The prefectures of Miyagi, Iwate and Fukushima were hit hardest by the March 2011 disaster, which generated “unexpectedly large” tsunami and left more than 18,000 people dead or missing. In these areas, too, estimates on which areas would be submerged have been put off until more progress is made on reconstruction work. “We can’t make an accurate forecast until the construction of seawalls and work to elevate ground has been completed,” a spokesman for the Miyagi prefectural government said.
The Tokyo metropolitan government said it was already implementing countermeasures based on estimates it had calculated independently of the tsunami law.
In August 2014, the central government predicted the height of tsunami that could hit prefectures facing the Sea of Japan coast. However, many prefectures along this coast have been slow to respond and address the potential danger, the Yomiuri investigation found.

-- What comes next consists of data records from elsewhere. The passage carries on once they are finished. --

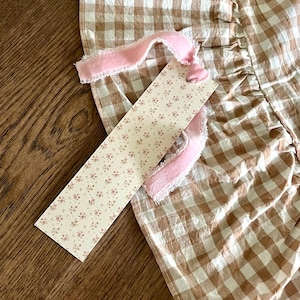 Bookmark with Dainty Floral Design | Ultra Thick Cardstock Bookmark with Velvet Ribbon | Doublesided Bookmark | Cottagecore Flower Design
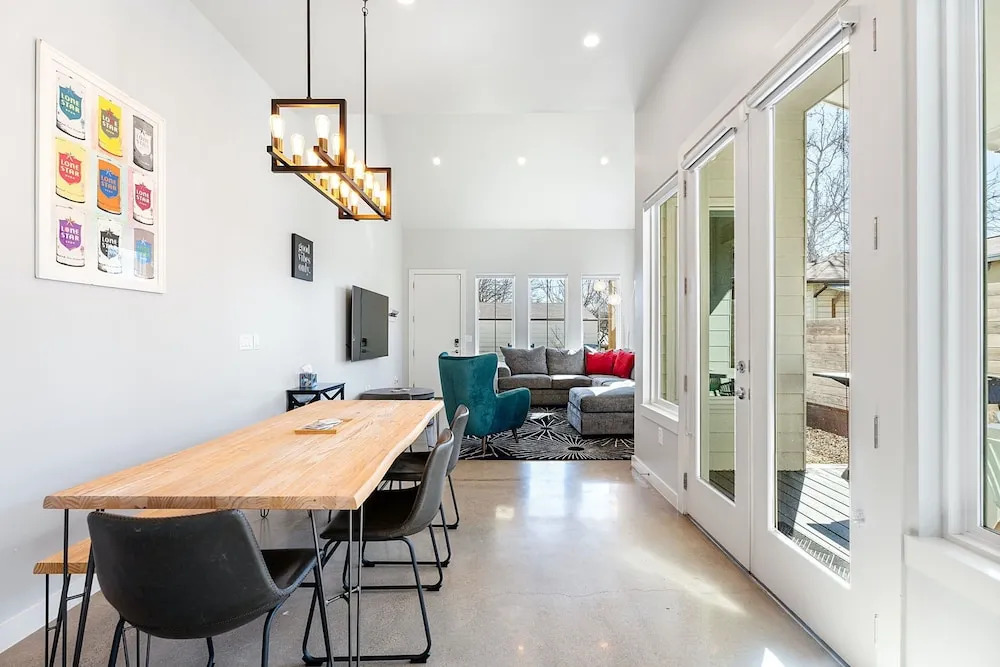 Trendy 3 Bedroom in South Austin!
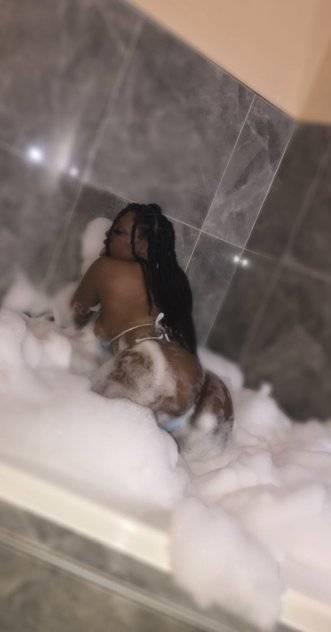 Melody - Independent Female Los Angeles Escort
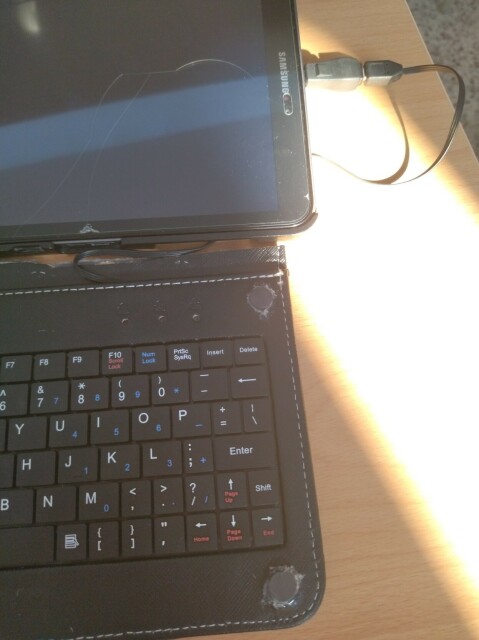 Il tablet aperto su un tavolo, con la tastiera messa avanti e collegata.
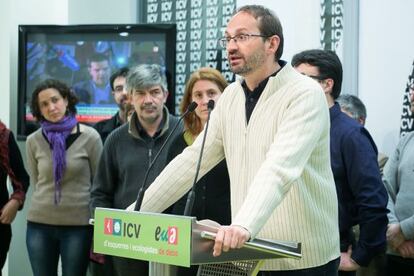 Joan Herrera a la seu d'ICV.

“Each region has its own conditions and circumstances, so we can’t impose a uniform time frame on them to make these designations,” an official of the Land, Infrastructure, Transport and Tourism Ministry said.
Yoshiaki Kawata, a member of the government’s Central Disaster Prevention Council who has been involved in estimating the damage that could be caused by a major earthquake along the Nankai Trough and other quakes, is urging prefectural governments to give this work greater priority.
“Many people died in the Great East Japan Earthquake because the dangers of tsunami had been forgotten,” said Kawata, who is a professor at Kansai University. “If warning areas aren’t designated, I fear this danger will be forgotten as the generations change. Worries about falling land prices and population outflows are understandable, but I want local government leaders to remember the catastrophe that happened four years ago and make even a little progress with designating these areas.”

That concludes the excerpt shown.